In order to operate the Murray System in 2008-09 a number of contingency measures, in addition to those implemented in 2007-08, will underwrite river operations. As improvements occur, contingency measures will be withdrawn.
Further contingency measures will only be implemented to the extent necessary to operate the Murray System in 2008-09. This includes providing for system and storage losses upstream of the South Australian border and a flow of 696 GL across the South Australian border to manage water quality and system loss requirements in that state and provide for critical human needs if required.
Senior officials have recommended that jurisdictions should take responsibility for reserving sufficient water to underwrite the provision of critical needs in their state for 2008-09. In order to ensure delivery of water carried over by states from 2007-08 to 2008-09, it is recommended that water that is carried over is quarantined for the use of the state that carried it over. It is also recommended that water carried over from 2007-08 to 2008-09 by water users within a State is quarantined from water availability estimates of shared water resources in 2008-09.
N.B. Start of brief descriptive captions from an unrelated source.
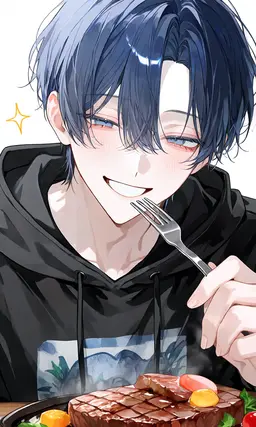 Profile image of Aoi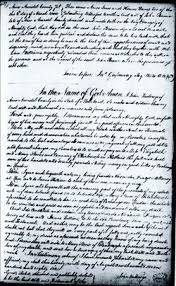 John “Son of Valentine Browne” Brown (1730-1805)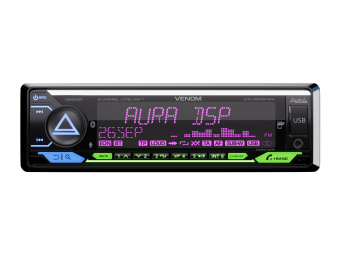 Aura VENOM-D862 DSP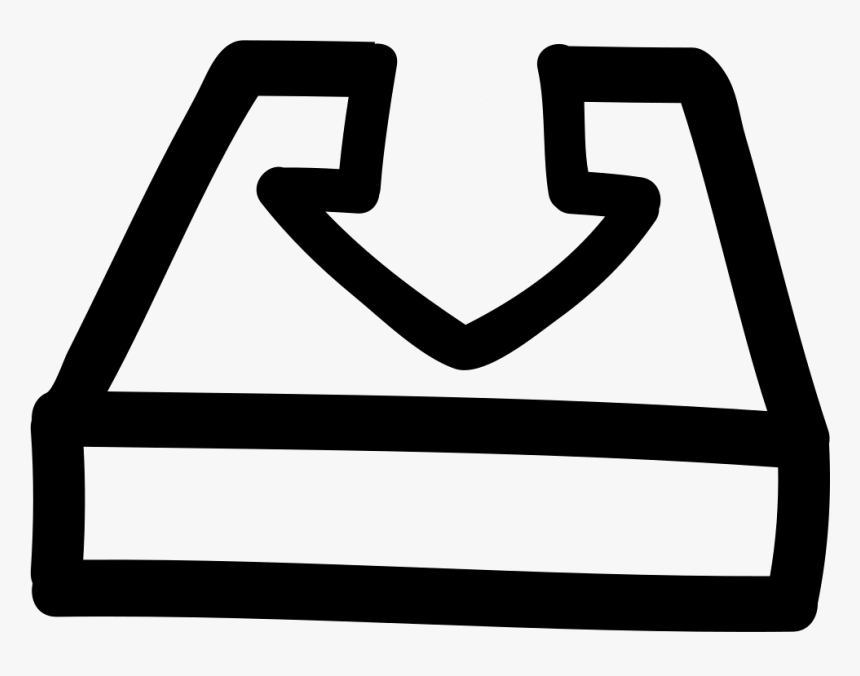 Icon, HD Png Download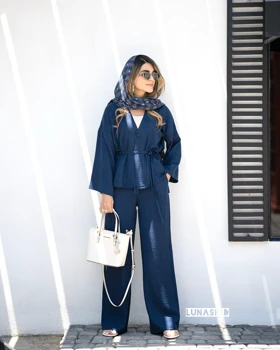 شومیز خنک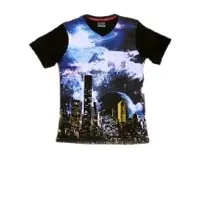 Boy T-shirt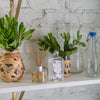 Classic Linen Diffuser Oil Refill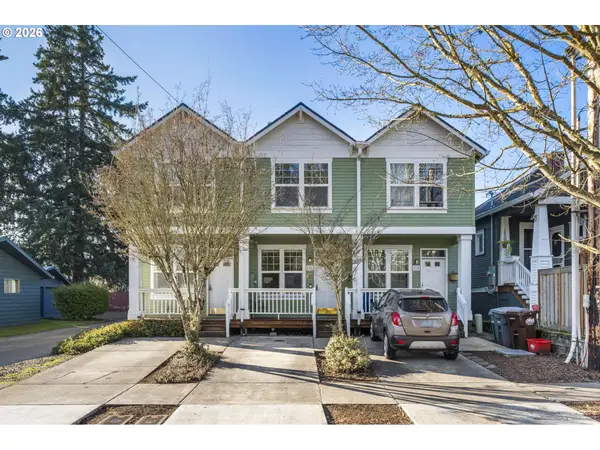 115 SE 8th Ave, Hillsboro, OR 97123
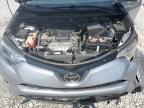 2018 Toyota Rav4 Le for Sale in Ellenwood, GA - Front End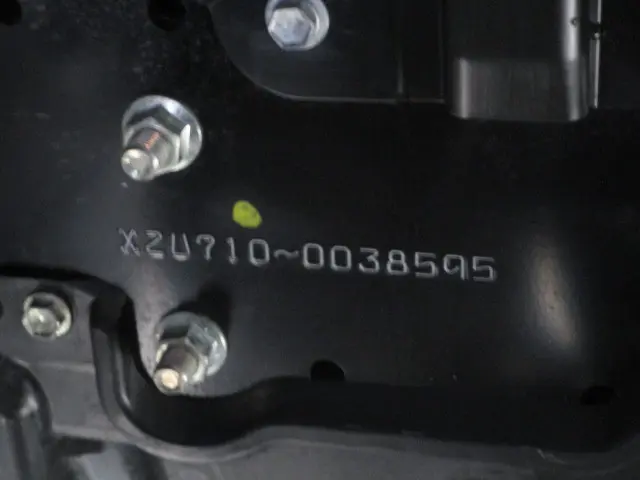 日野 デュトロ 2KG-XZU710M(2WD)の写真41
As South Australia does not usually have access to storages to carryover water from one year to the next it is recommended that South Australia be able to access upstream storages to hold water that the state, or irrigators in that state, chooses to carry over from 2007-08 for use in 2008-09.
To the extent to which 2008-09 critical needs in NSW and Victoria are not provided for from 2007-08 reserves, NSW and Victoria will underwrite its shortfall from tributary water sources available to that state in addition to the commitments made under special contingency measures.
Further improvements, from the Murray system shared resource (from 1 June 2008 to 31 May 2009) above those required to offset special contingency measures will be shared in equal proportions between the states (NSW, Victoria and South Australia) taking into account the need to resolve water imbalances. Following elimination of the imbalance of South Australia with the upper states, water will be provided to each state in line with the normal provisions of the MDB Agreement.